Basically it is just -O3 -QxHost -heaparray
Other flags are not important.
I solve two equations, and solve one equations, I am using the same flags.
I simplified my cases to the following,
I solve one equation dy/dt = 1
I solve 100 the same equations, i from 1 to 100, dy_i/dt =1
Then I should expect it took 100 times longer than solving just one equation, right?
In my code I did things like that and I expect solving 2 the same equations should cost just 2 times than solving one such equation. But I got a factor of 7 - 8 or so.
So I think perhaps there are some unnecessary memory allocation or deallocation, or some temp arrays are created. But I have not identify where.
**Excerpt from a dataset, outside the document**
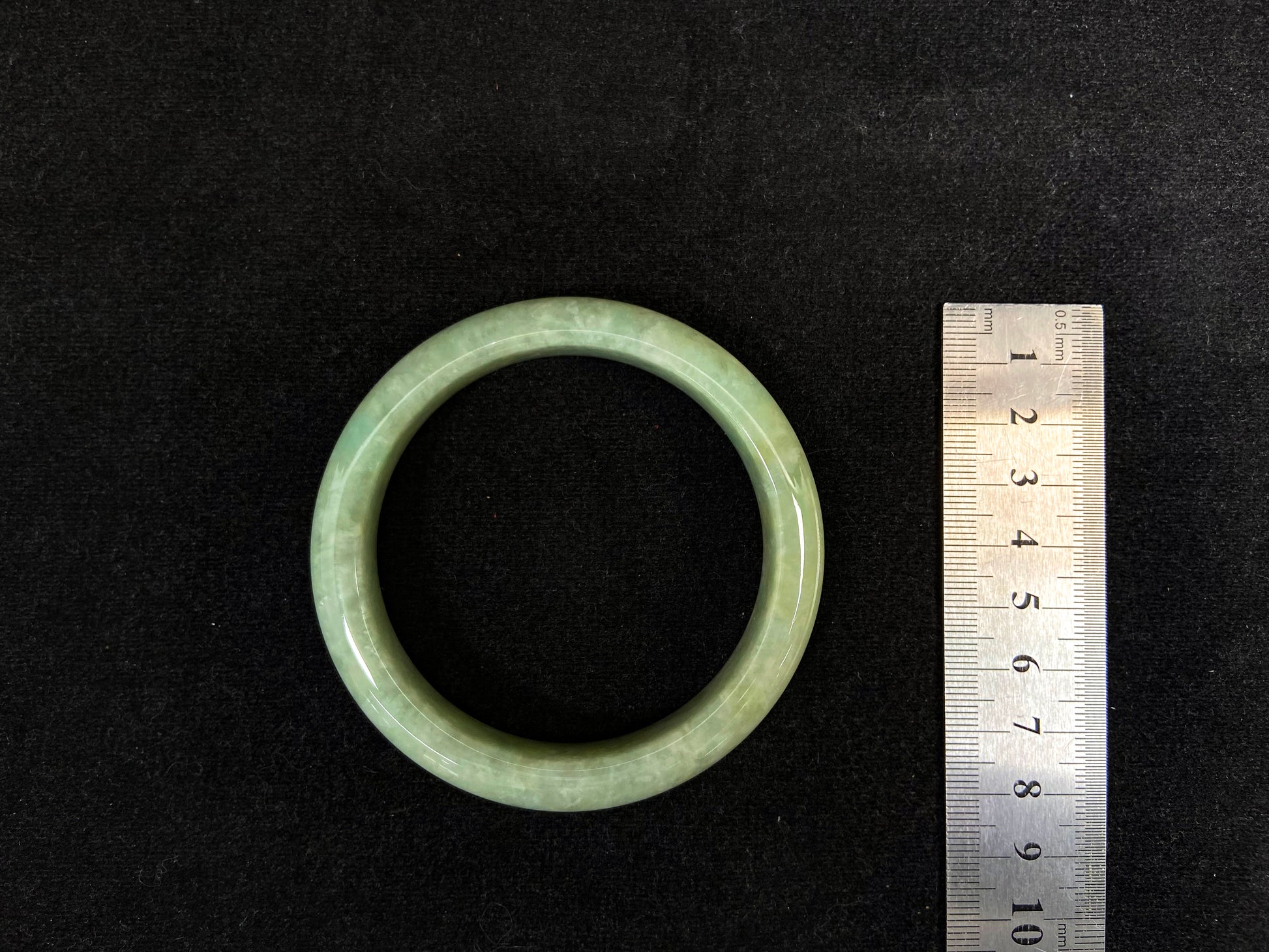 A soothing pea green jade bangle.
Do you think the following code may generate temp arrays for x(:,i-1) and x(:,i)?
do i = 1, n
t = t0 + (real(i)*(tn-t0))/real(n)
call rk4_ti_step_vec_mod1 ( x(:,i-1), t, h, q, fi_vec2, gi_vec2, nd, x(:,i) )
end do
it is in the subroutine,
subroutine test02 ( xout )
use constants
use stochastic_rk
implicit none
interface !! Declare function
function fi_vec2 ( x ) result (f)
use constants
real ( kind = r8 ) :: f(2)
real ( kind = r8 ) :: x(2)
end function
function gi_vec2 ( x ) result (g)
use constants
real ( kind = r8 ) :: g(2)
real ( kind = r8 ) :: x(2)
end function
end interface
real ( kind = r8 ), external :: fi_vec21, fi_vec22, gi_vec21, gi_vec22
integer ( kind = i8 ), parameter :: n = 1000
real ( kind = r8 ) h
integer ( kind = i8 ) :: i, itot, istart, istep
real ( kind = r8 ) q
integer ( kind = i8 ) :: seed
real ( kind = r8 ) t
real ( kind = r8 ), parameter :: t0 = 0.0
real ( kind = r8 ), parameter :: tn = 1.0
real ( kind = r8 ) :: x(2,0:n)
real (kind = r8) :: xout(5)
integer ( kind = i8 ) :: nd ! dimension, =2
h = ( tn - t0 ) / real(n)
q = 1.0
seed = 123456789
i = 0
t = t0
x(1,i) = 20.0_r8
x(2,i) = one
nd = 2
!write ( *, '(a)' ) ' '
!write ( *, '(a)' ) ' I T X'
!write ( *, '(a)' ) ' '
!write ( *, '(2x,i8,2x,f14.6,2x,g14.6)' ) i, t, x(i)
do i = 1, n
t = t0 + (real(i)*(tn-t0))/real(n)
call rk4_ti_step_vec_mod1 ( x(:,i-1), t, h, q, fi_vec2, gi_vec2, nd, x(:,i) )
end do
itot = i-1
istart = itot/5
istep = istart
xout(1:5:1) = x(1,istart:itot:istep)
!write ( *, '(2x,i8,2x,f14.6,2x,g14.6)' ) i-1, t, xout
return
end subroutine test02
with functions,
function fi_vec2 ( x ) result (f)
use constants
implicit none
real ( kind = r8 ) :: f(2)
real ( kind = r8 ), intent(in) :: x(2)
f(1) = -x(2)*x(1)
f(2) = -x(2) + one
return
end function fi_vec2
function gi_vec2 ( x ) result(g)
use constants
implicit none
real ( kind = r8 ), parameter :: gp(2) = [one,zero]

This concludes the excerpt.